60過ぎて大学院へ 博士課程修了証書、亡き母に 「中村不動産」「ナカムラ生コンクリート」会長 中村光宏さん

「今後は四日市の発展とともに、国際貢献にも全力を注いでいきたい」と話す中村さん=四日市市中村町で

 昭和18年、父親の故順一さんが四日市市松寺町で建設業「中村組」を創業。中村組を母体に、昭和45年に運送業「中村重機運送」、同51年に宅地建物取引業「中村不動産」、同55年には生コンクリート製造販売の「ナカムラ生コンクリート」の3社を、兄利一郎さん(79)と共に設立し、事業の拡大を図ってきた。

 四日市市松寺町(旧大矢知村)で、3人きょうだいの次男として生まれた。幼少時は、自宅近くの朝明川で泳いだり、魚を捕まえたり、仲間と時間を忘れて遊んでいた。末っ子だったせいか、家ではいつも大好きな母の故せつさんの膝を独り占めしていた。村で1人だけ高等教育を受けた母の口癖は「光宏、学問は人に取られない財産だからね」だった。

 暁中時代は柔道に打ち込み、市中学柔道大会の出場選手に選ばれるほど腕を上げた。海星高校から柔道強豪校でもある愛知大法経学部に進学し、法学を専攻した。全国から集まった猛者との練習試合で自信が打ち砕かれ、柔道を諦めて空手に転向した。血のにじむような練習に耐え、卒業時は有段者になった。

 より深く学びたいと同大大学院に進んだが、教授との意見の対立から、1年で自主退学して家業を手伝うようになった。土木を修めた兄が中村組を継いだことから、学んだ法律知識を生かして不動産業を起業した。県内を中心に、不動産売買と仲介、宅地造成などを手掛け、太平洋セメントと協業して公共施設やビル建設などに携わる兄と連携しながら、それぞれの事業を軌道に乗せ、大きく成長させてきた。

 60歳を迎えたころ、長い間、頭を離れなかった母の言葉と向き合うことができるようになった。

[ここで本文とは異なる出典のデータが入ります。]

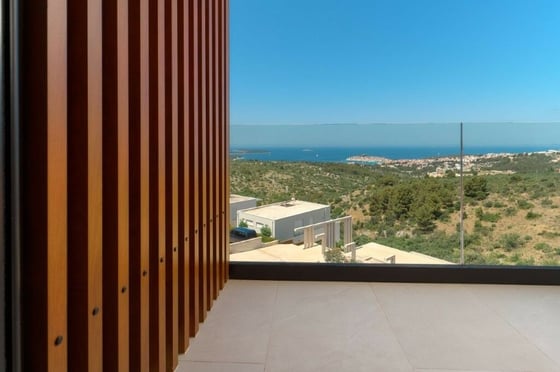 Beautiful ultramodern villa in Primosten, for sale, picture 10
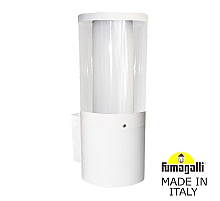 Уличный настенный светильник Fumagalli Carlo DR1.570.000.WXU1L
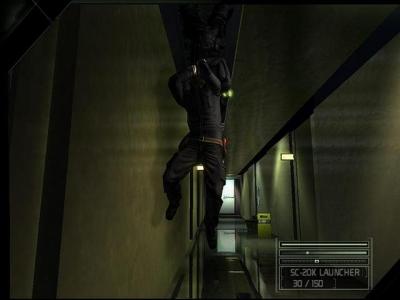 Splinter Cell 3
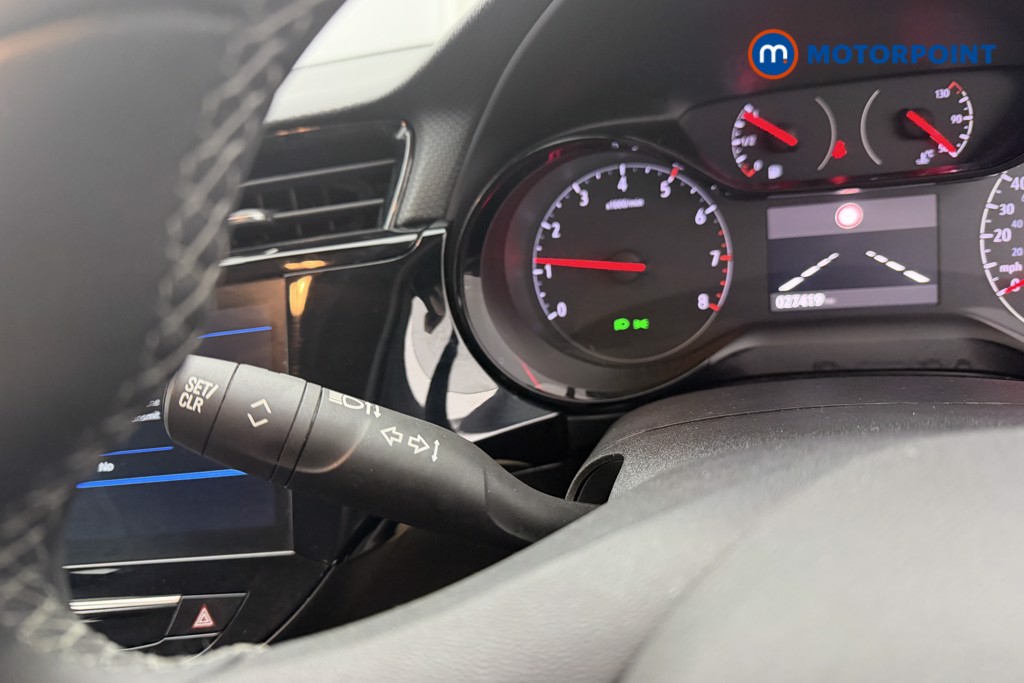 Vauxhall Corsa Design Manual Petrol Hatchback - Stock Number (1610423) - 4th supplementary image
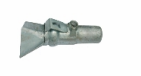 IL005 (25mm) Female RPO Press-in-coupling Latch Quick Fitting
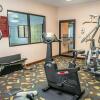 Отель Quality Inn & Suites South Bend Airport, фото 19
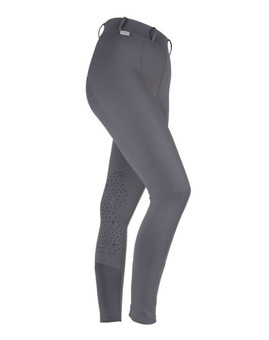 Aubrion Jenner Riding Tights
Grey side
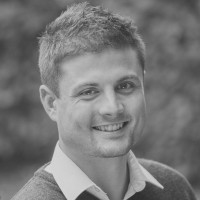 Wise Investment Employee Thomas Partridge's profile photo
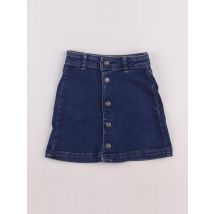 Jupe bleu - Storytelling - Bleu - fille & 4 ans - Seconde main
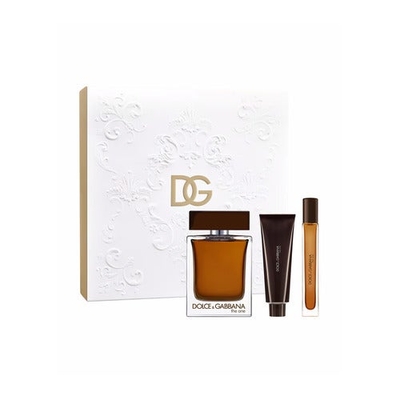 Dolce&Gabbana The One for Men Gift Set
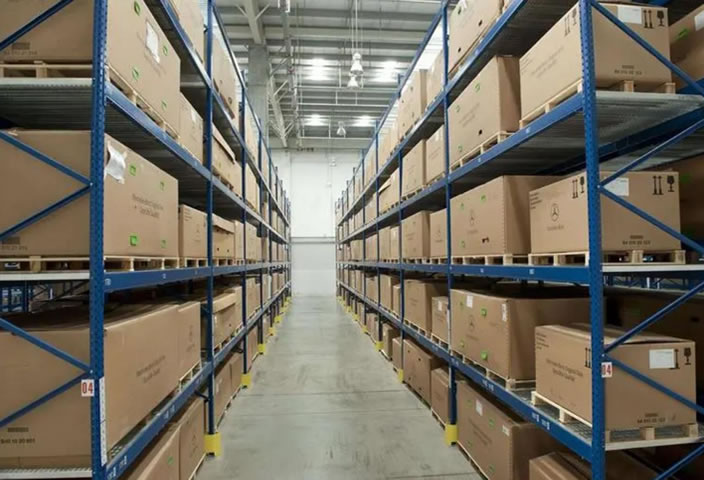 漳州到甘孜县货物仓储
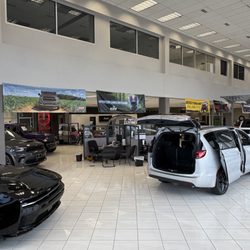 Fury Motors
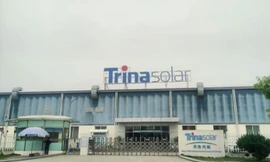 Doanh nghiệp Trung Quốc muốn 'rót' 420 triệu USD vào dự án năng lượng ở Thái Nguyên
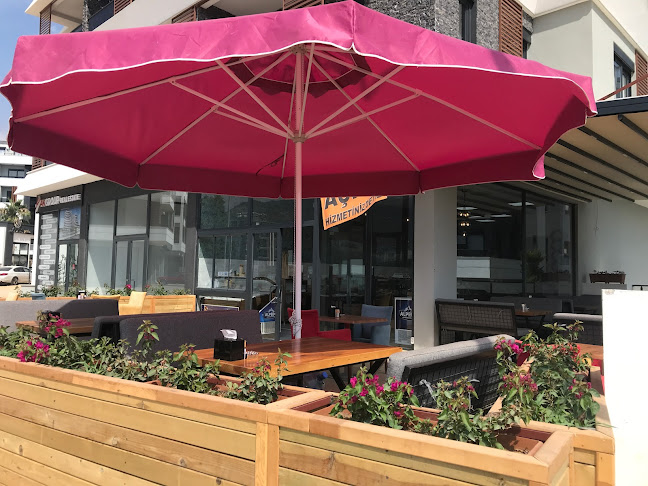 Opinii despre Hardal Unlu Mamulleri în Alanya - Gastronomi ve konaklama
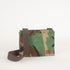 Woodland Camo Crossbody Pouch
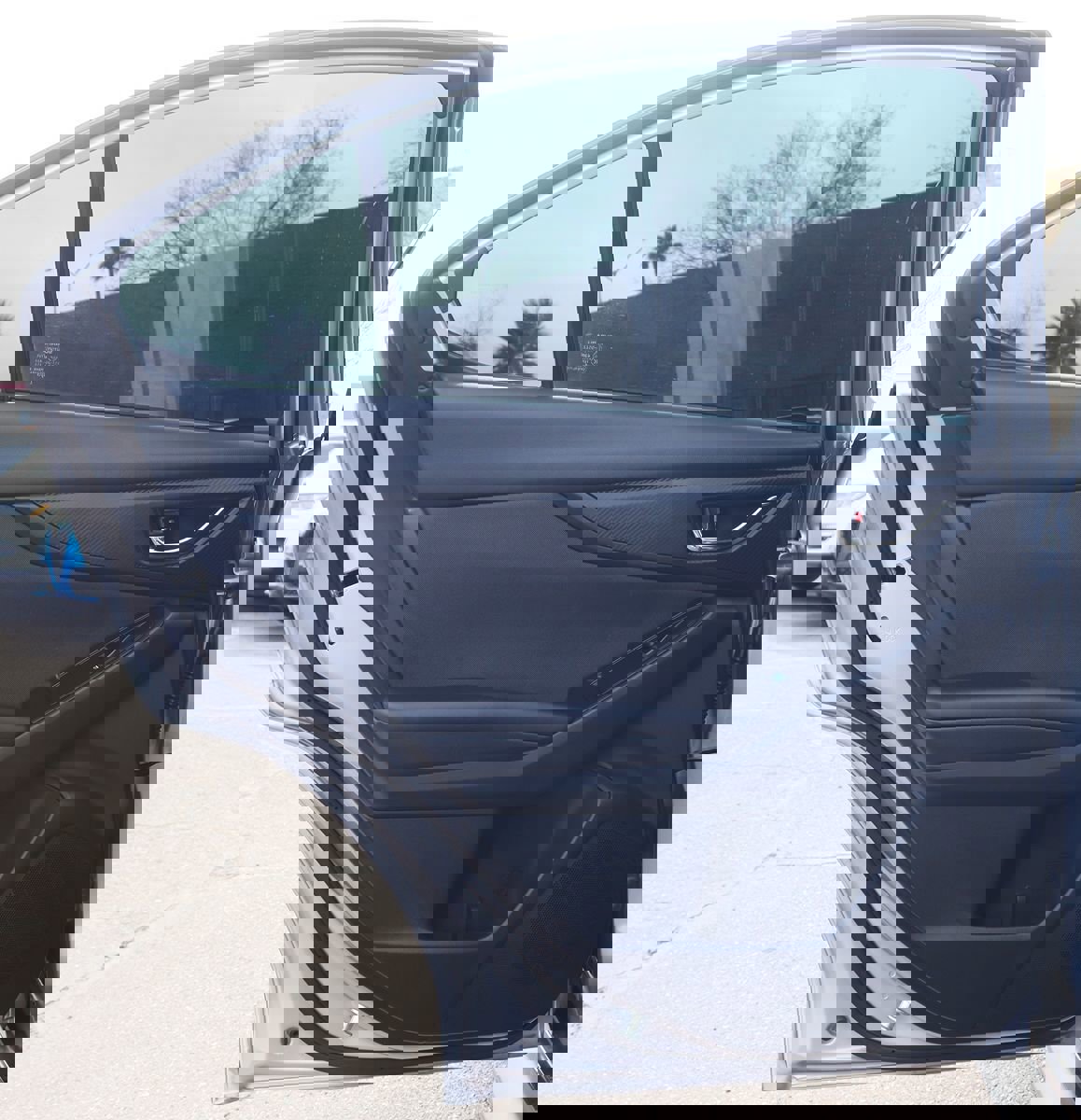 Used 2022 Subaru WRX Premium image 29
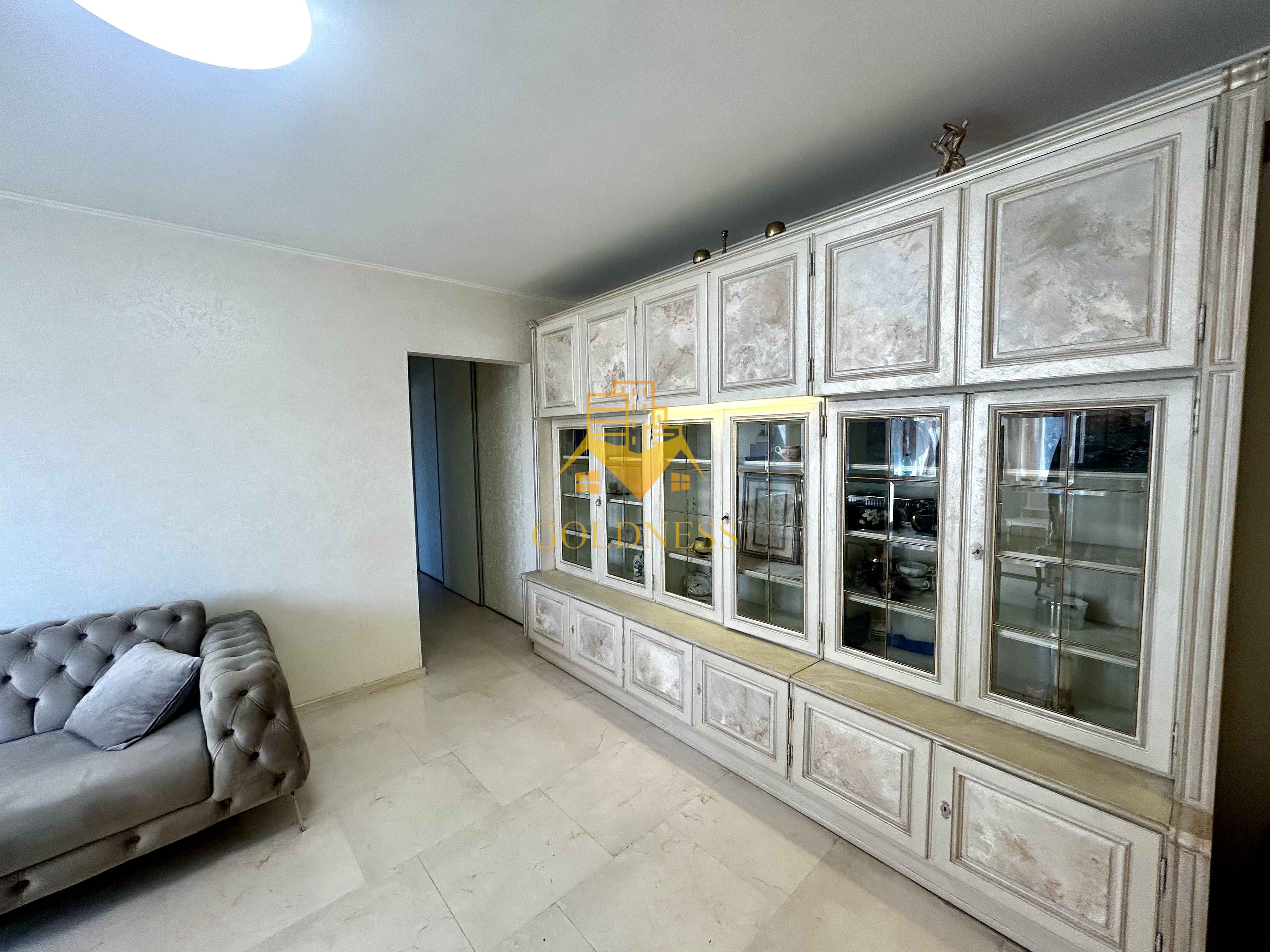 3 camere open space, Modern, Parcare, Zona Primaverii, Manastur — fotografia 4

大学院を中退して家に戻った時、「辞めてほしくなかった」と残念そうにつぶやいた母の思いに応えたいと、名古屋経済大修士課程の社会人枠で入学試験を受けた。面接官を務めた早大名誉教授に「その歳で何かご事情が」と質問され、「母が元気なうちに修士課程修了証書を手渡して、身勝手を謝りたい」と、正直に話した。

 合格通知を受けて通学し始めても、「途中で挫折したらもっと気落ちさせる」と、母には伝えなかった。会社経営と大学を両立させながら、若者らと共に学ぶことが楽しく、これまでの人生で1番勉学に打ち込んだ2年だった。最高齢の総代として、学長から修士課程修了証書を授与された時、「かあちゃん、やったよ」の思いが一気にこみ上げた。

 修了証書を手に、母は「お前、学校に行っていたの」と驚き、喜びに言葉を詰まらせた。額に入れた証書を居間に飾っていつも眺めてくれていた母が、その2年後、93歳で亡くなった。その後も、「もっと学びたい」と、博士課程に通い、6年がかりで見事修了した。博士課程修了証書と発刊した学位論文「株式譲渡制限制度の研究」は、亡き母にささげた。

 「信頼して仕事を任せられる人材と、学問の喜びを教えて下さった素晴らしい師に恵まれたおかげで、長年の心のつかえが下り、親孝行ができたことに深く感謝しています」と話し、「土地開発で企業誘致を図り、四日市の発展につなげるとともに、ライオンズクラブ役員として国際貢献にも全力を注いでいきたい」と意欲を見せた。

  

略歴:昭和14年生まれ。同37年私立愛知大学法経学部卒業。同38年同大大学院中退。同年中村組入社。同51年中村不動産設立、社長就任。平成12年私立名古屋経済大学大学院法学研究科修士課程入学。同14年同課程修了。同年同大博士後期課程入学。同20年同課程修了。同23年ライオンズクラブ国際協会334―B地区ガバナー就任。